WORK TO BE COMPLETED →
These records contain pictures, which must be left out; copy exactly the lines from the one with "1986 Ｍ．アルボレート スクーデリア・フェラーリ ファクトリーカード" up to and including the one with "Ruby Sees Women".

THE INPUT →
..........
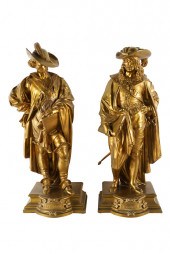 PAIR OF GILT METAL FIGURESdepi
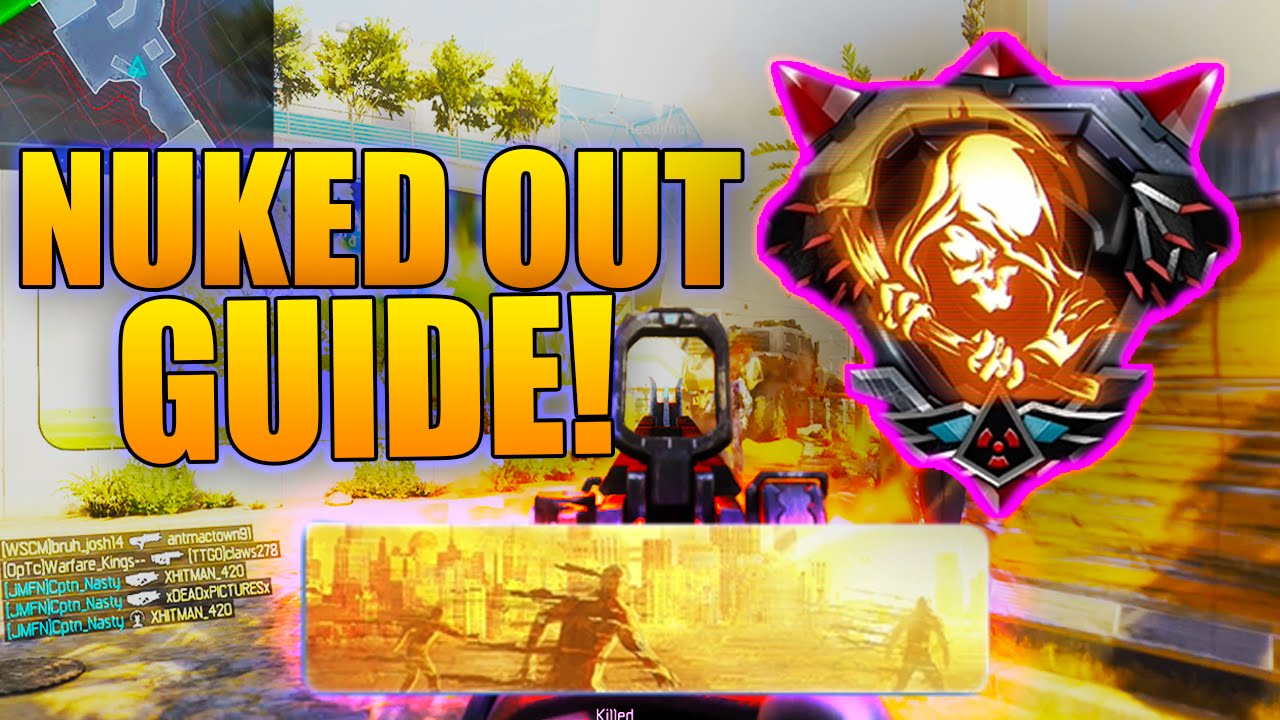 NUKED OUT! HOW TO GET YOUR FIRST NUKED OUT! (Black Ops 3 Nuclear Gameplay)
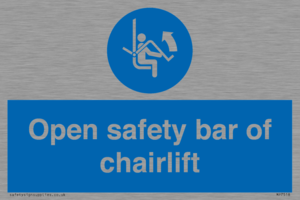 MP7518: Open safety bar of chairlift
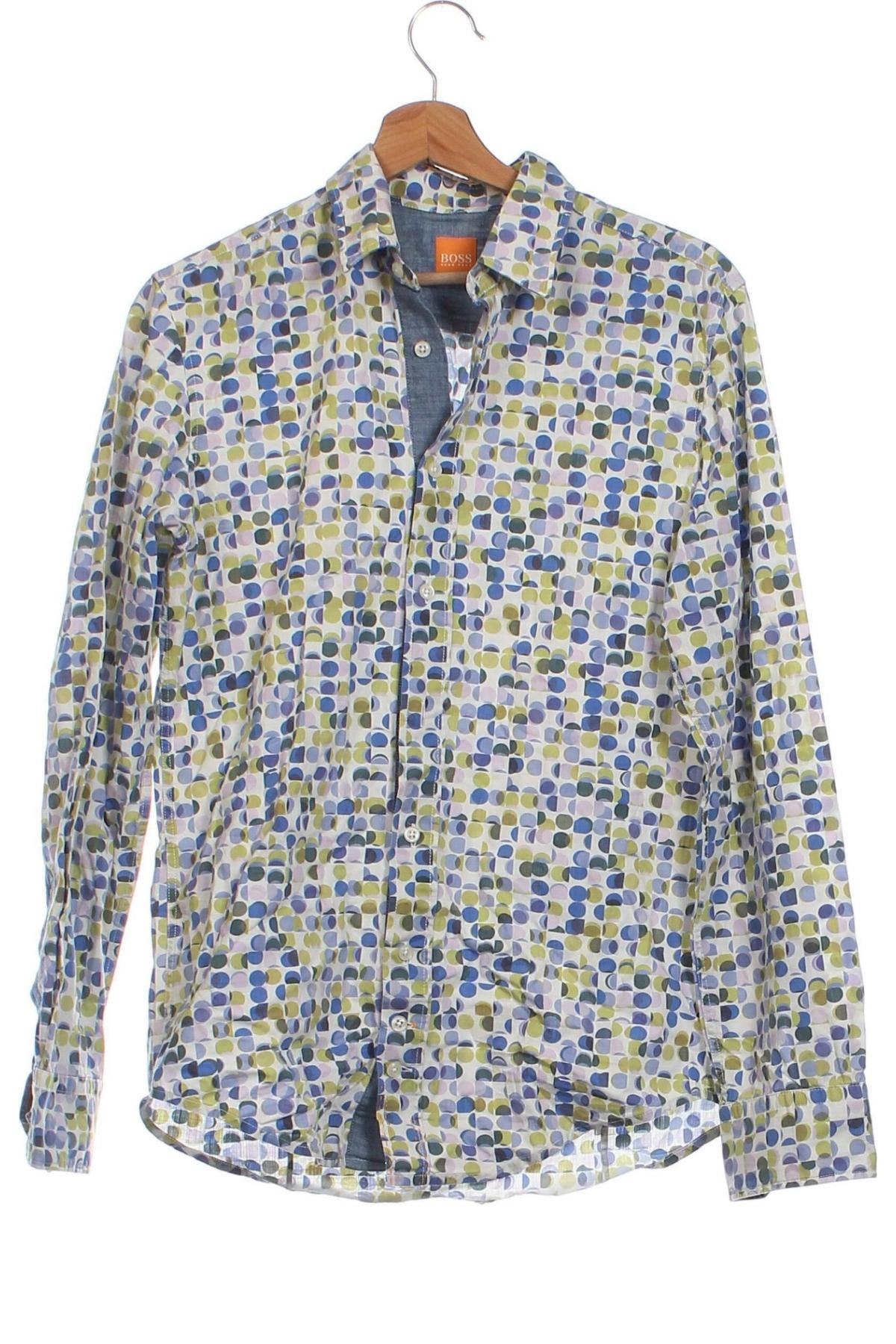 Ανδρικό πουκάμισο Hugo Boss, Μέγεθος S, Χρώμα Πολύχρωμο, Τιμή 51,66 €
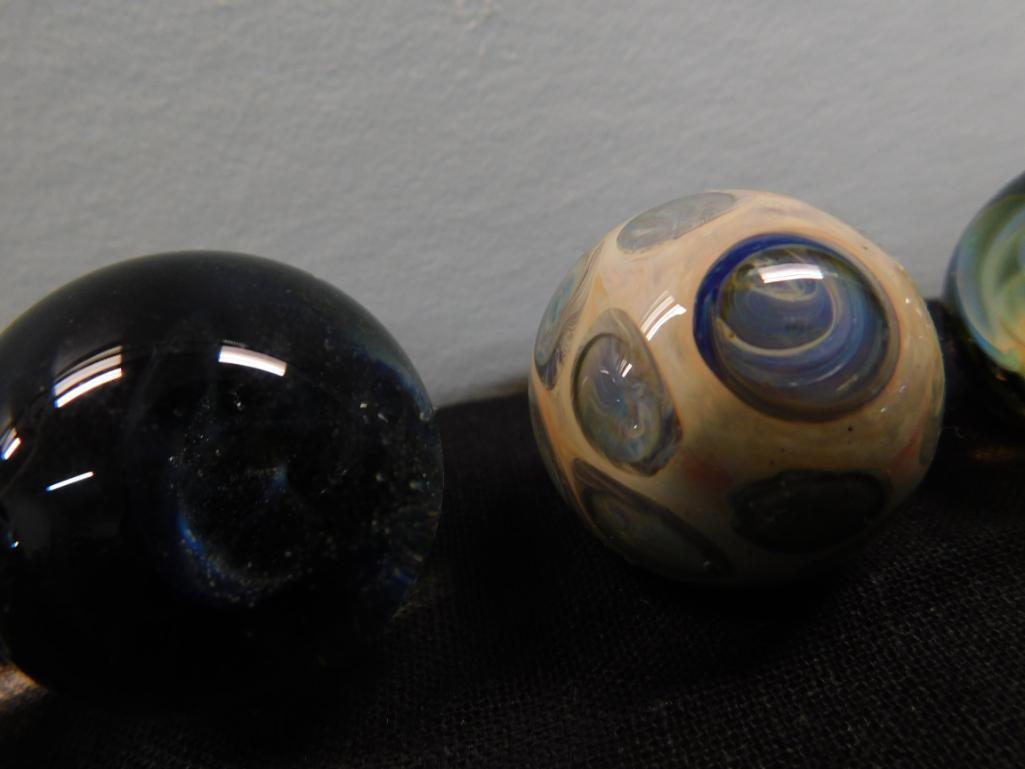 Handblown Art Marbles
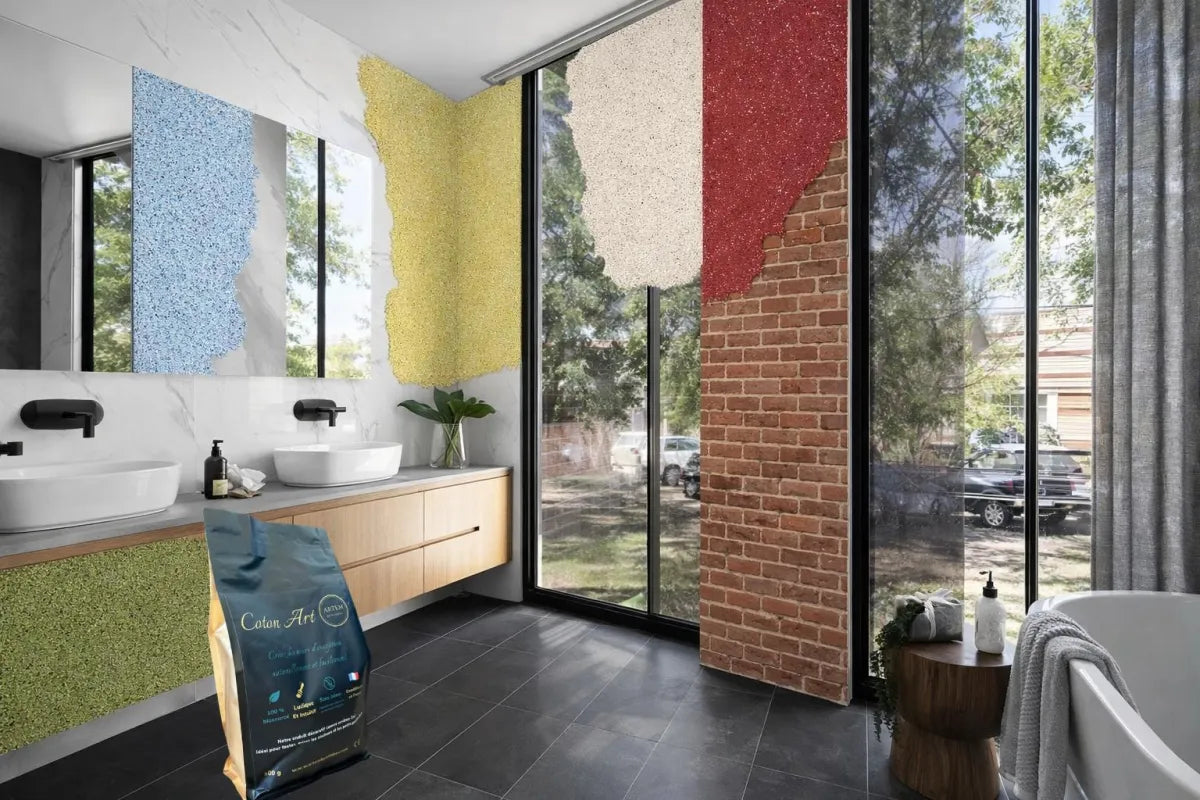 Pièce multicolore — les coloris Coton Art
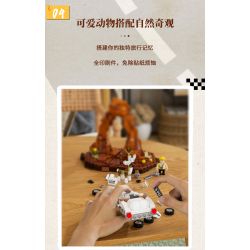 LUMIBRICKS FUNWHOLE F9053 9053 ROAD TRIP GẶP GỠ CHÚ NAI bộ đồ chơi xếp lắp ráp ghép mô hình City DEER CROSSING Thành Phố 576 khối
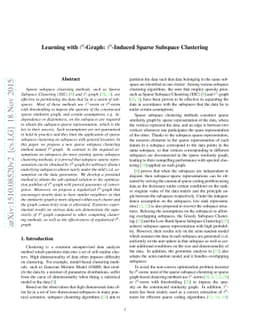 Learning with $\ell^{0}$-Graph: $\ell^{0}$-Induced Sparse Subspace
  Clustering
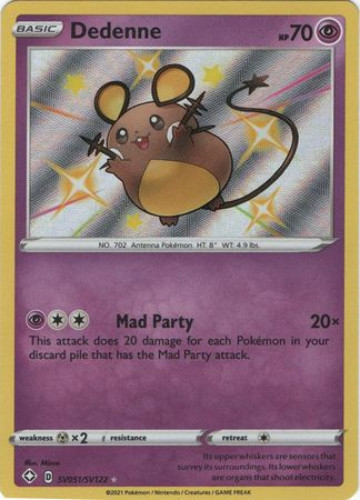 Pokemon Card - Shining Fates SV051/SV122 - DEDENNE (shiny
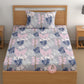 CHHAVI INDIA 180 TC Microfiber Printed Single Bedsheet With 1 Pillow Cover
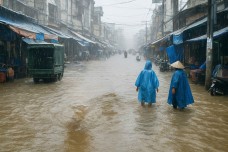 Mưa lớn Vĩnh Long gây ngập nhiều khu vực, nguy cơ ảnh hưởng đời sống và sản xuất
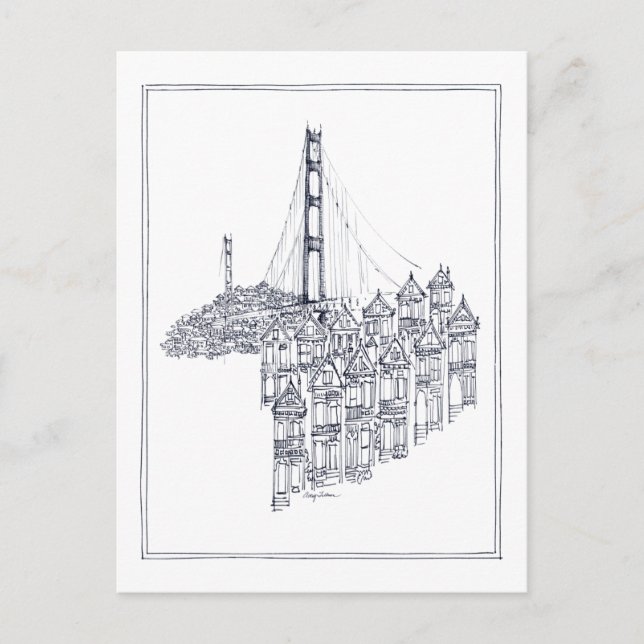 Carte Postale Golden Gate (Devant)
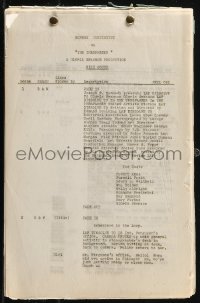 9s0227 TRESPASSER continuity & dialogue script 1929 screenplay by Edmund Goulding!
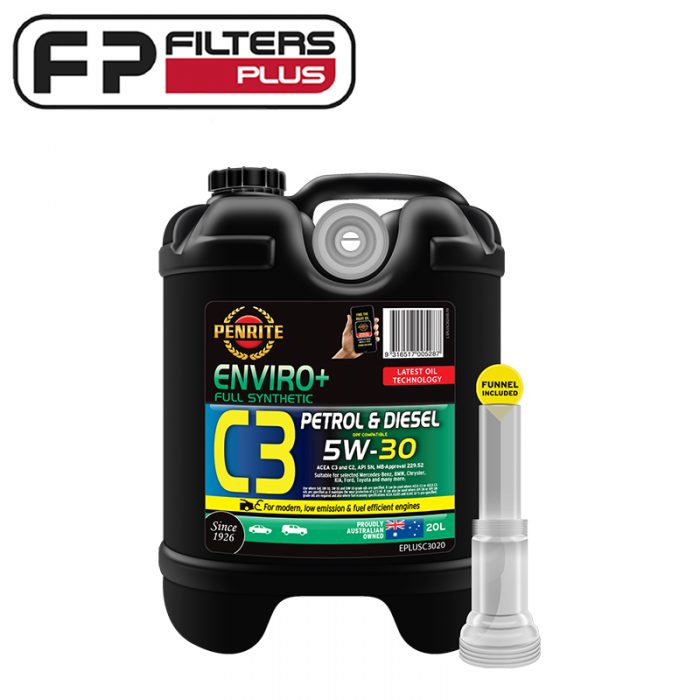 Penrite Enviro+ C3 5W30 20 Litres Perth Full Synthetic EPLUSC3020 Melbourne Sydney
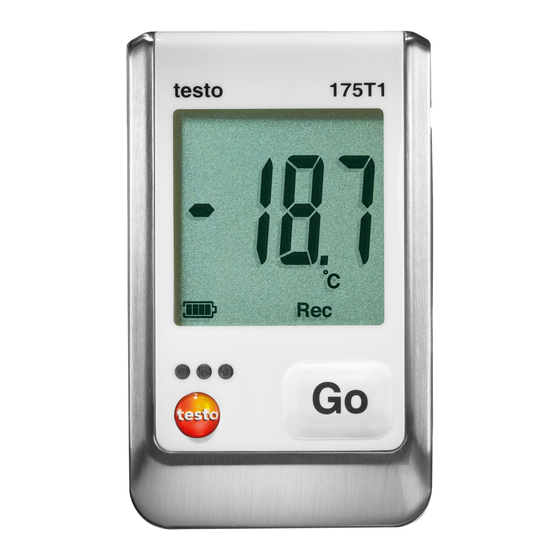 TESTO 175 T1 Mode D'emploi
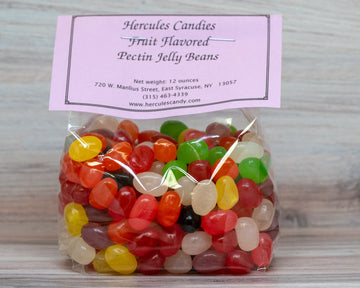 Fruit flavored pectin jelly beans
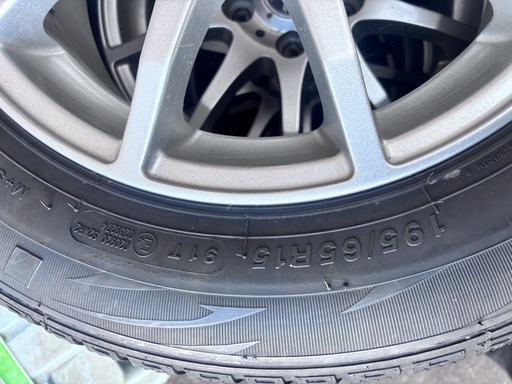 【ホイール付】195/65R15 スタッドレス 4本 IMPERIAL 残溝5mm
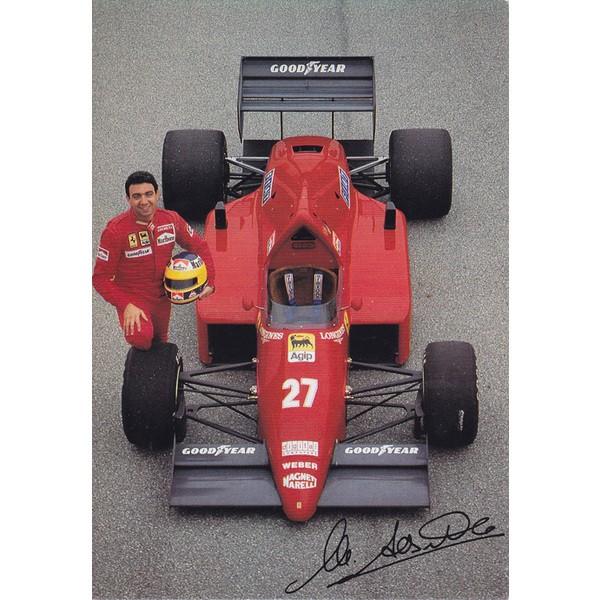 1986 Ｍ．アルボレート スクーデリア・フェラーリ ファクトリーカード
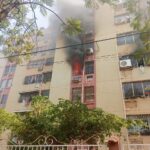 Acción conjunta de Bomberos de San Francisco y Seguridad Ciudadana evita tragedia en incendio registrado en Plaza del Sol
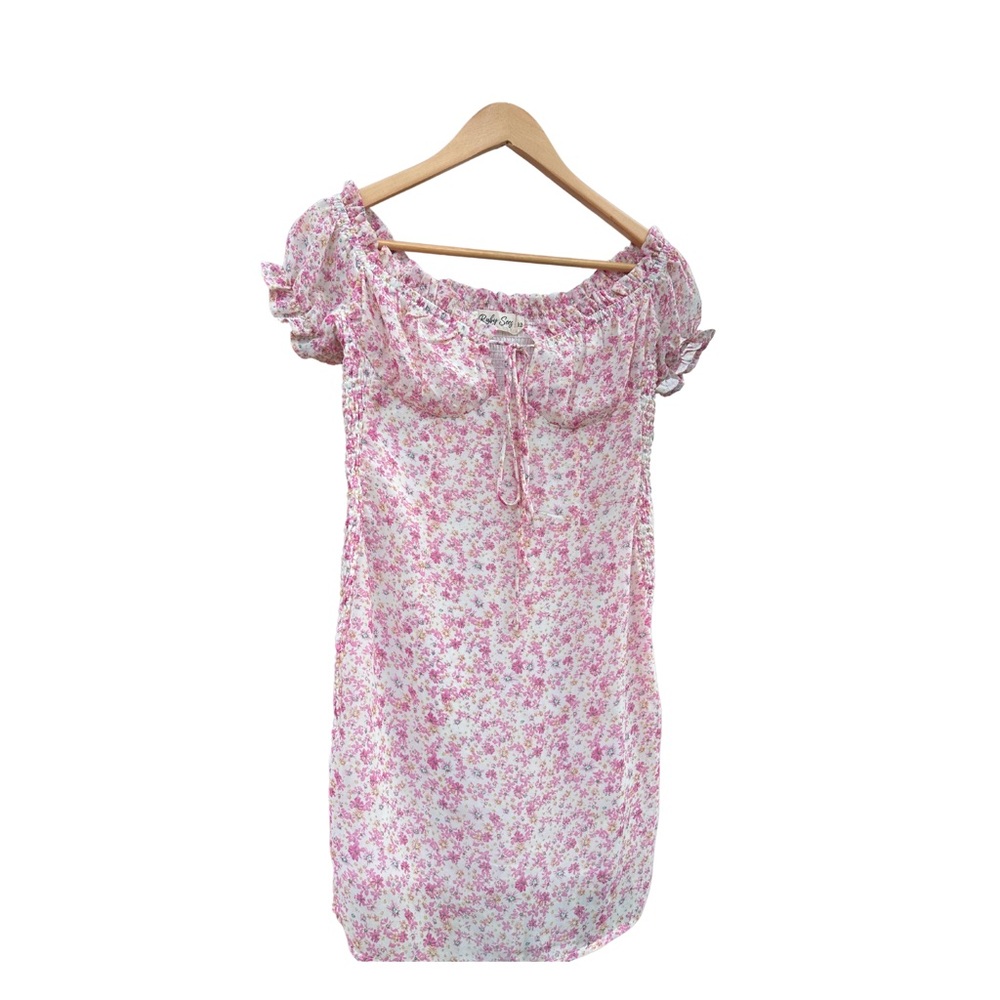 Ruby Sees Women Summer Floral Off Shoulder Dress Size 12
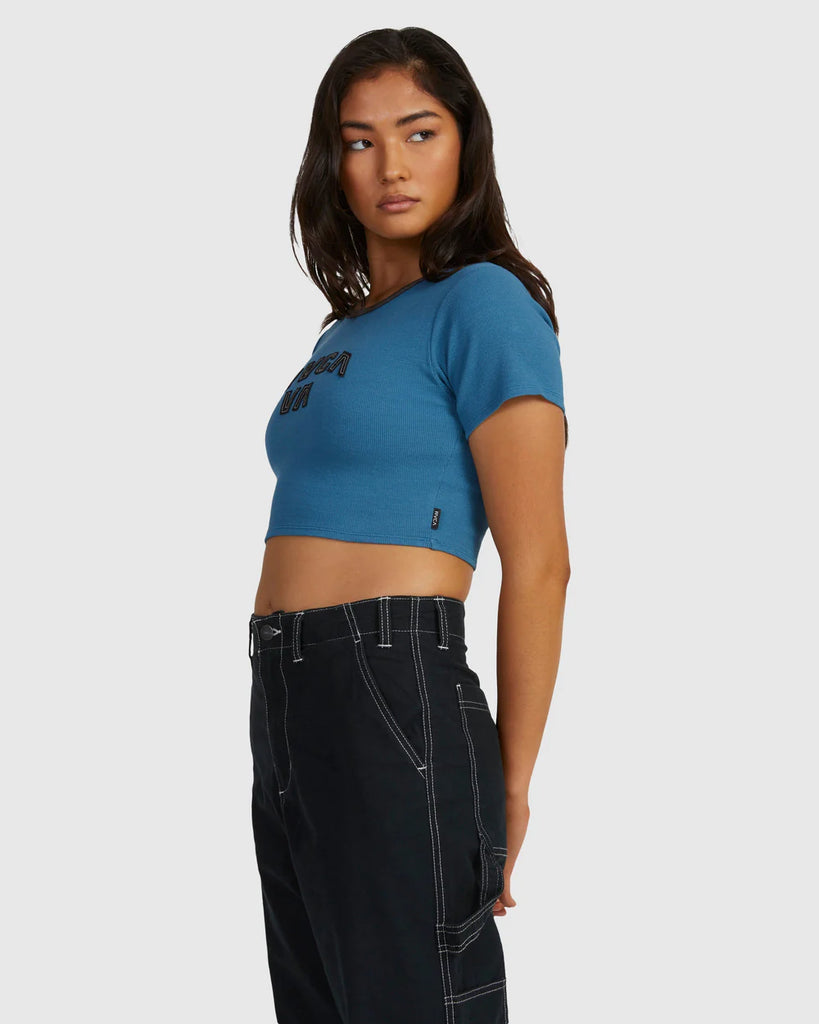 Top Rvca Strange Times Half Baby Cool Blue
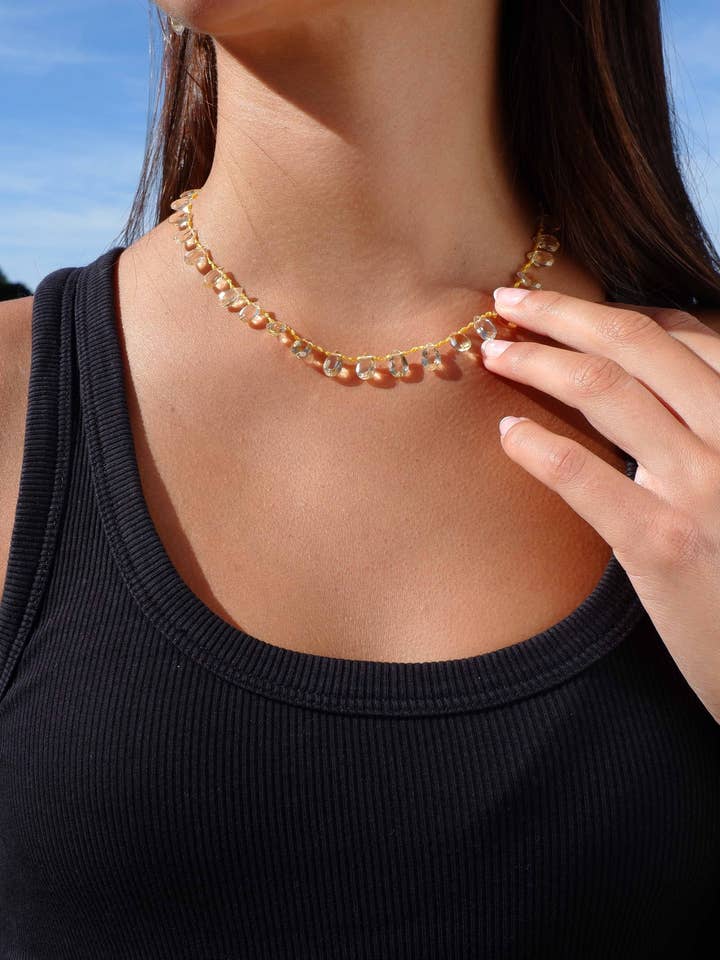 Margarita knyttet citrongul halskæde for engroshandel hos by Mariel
..........
WRITTEN SOLUTION →
 1986 Ｍ．アルボレート スクーデリア・フェラーリ ファクトリーカード
 Acción conjunta de Bomberos de San Francisco y Seguridad Ciudadana evita tragedia en incendio registrado en Plaza del Sol
 Ruby Sees Women Summer Floral Off Shoulder Dress Size 12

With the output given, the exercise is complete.